Ah, but how do you know that there were these supernatural things called angels actually coming down to warn of these events, outside of the Bible itself which was written down hundreds of years after the fact, by supporters of the religion whose history it purports to describe? IOW, the warnings from the netherworld sound like self-serving post-hoc rationalizations.
And your assertion is based on...what? Many of the books - and in this case, especially the Book of Exodus - are claimed to have been "written down" by first-hand eyewitnesses to the events.
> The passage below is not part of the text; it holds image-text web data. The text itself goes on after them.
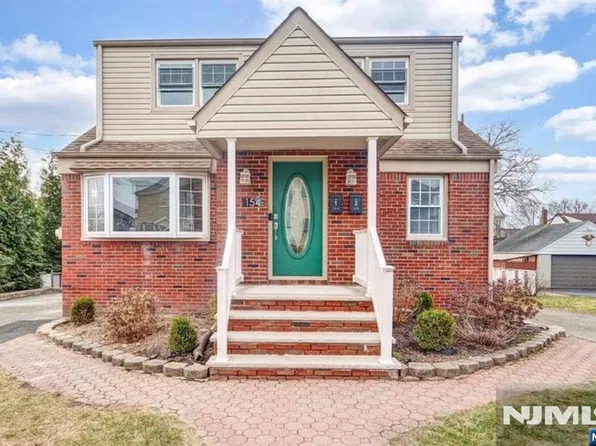 154 Orchard St, Elmwood Park, NJ 07407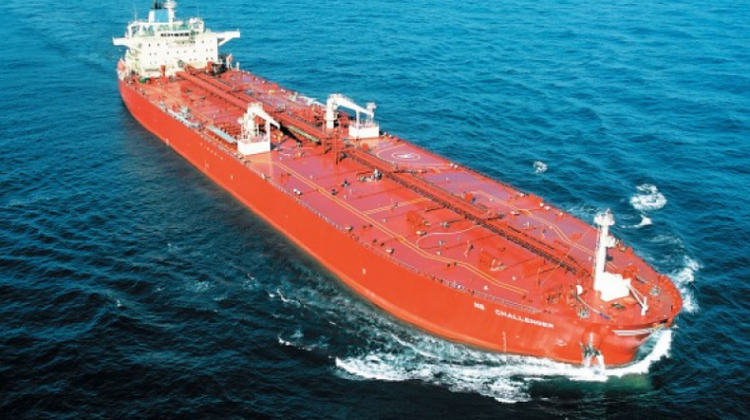 Giganţii europeni din transportul maritim ţin exporturile ruseşti de combustibili fosili pe linia de plutire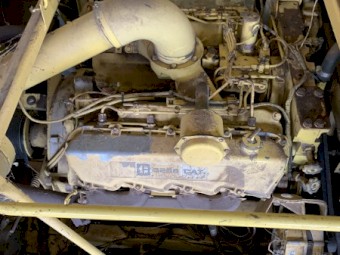 New Holland TR 85 Harvester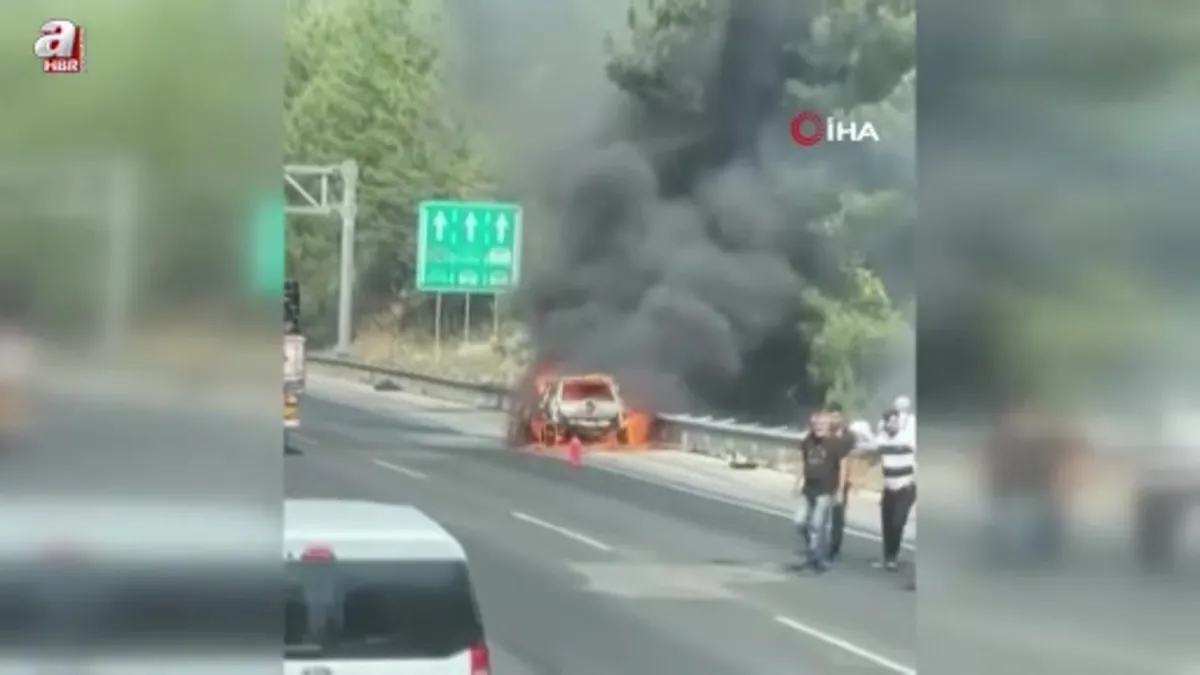 Adana'da otoyolda yanan araç orman yangını çıkardı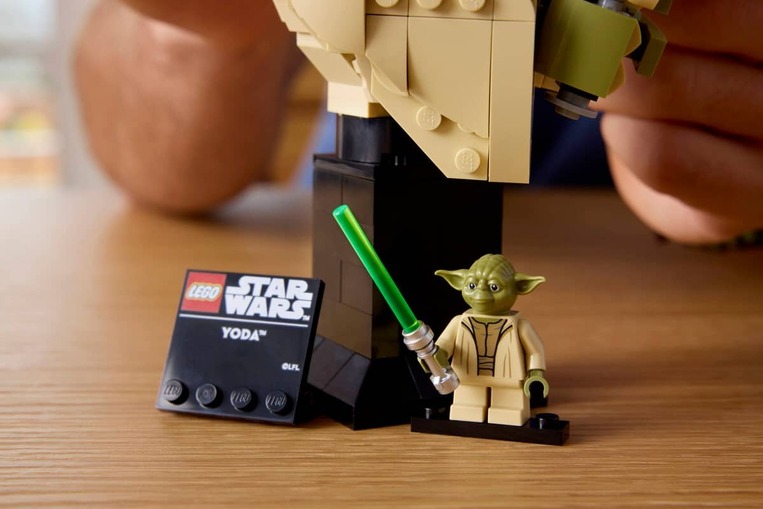 LEGO Star Wars Yoda Bust - 75438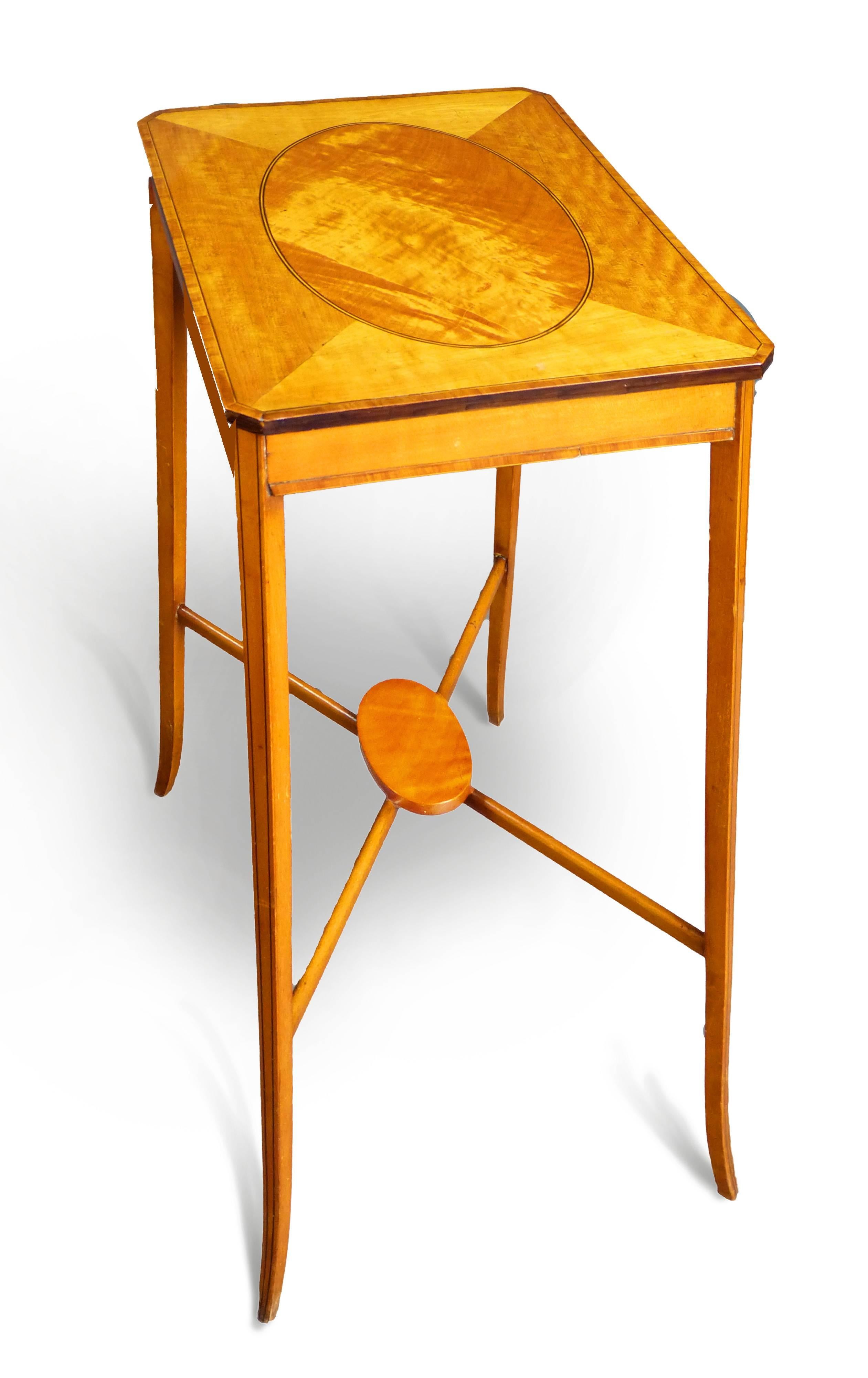 19th Century Petite Biedermeier Side Table In Excellent Condition In Santander, ES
The core issue here isn't when they were written, but rather what is written. I don't know a soul who contests the mundane aspects of the Biblical accounts (city names, birth records, clothing style, etc) but supports the miraculous accounts. It's always the other way around. People are unwilling to accept the historical nature of the book because it carries with it an ethical and religious message as well. So they dispute the former, hoping to discredit the latter. Believing they've been successful, they think they and their behavior are no longer accountable to rules and persons they haven't - and don't - want to obey. That may not be your personal take on it, but it holds true in my personal experience. I would think the opposite of your opinion would be more believable - it would be entirely self-serving and more believable for the "losers" in said events, i.e. the Egyptians, Canaanites, etc., to re-write their own histories to make it appear they weren't quite so thoroughly humiliated by a God they refused to believe in or obey.
In modern politics, we would call that "spin control."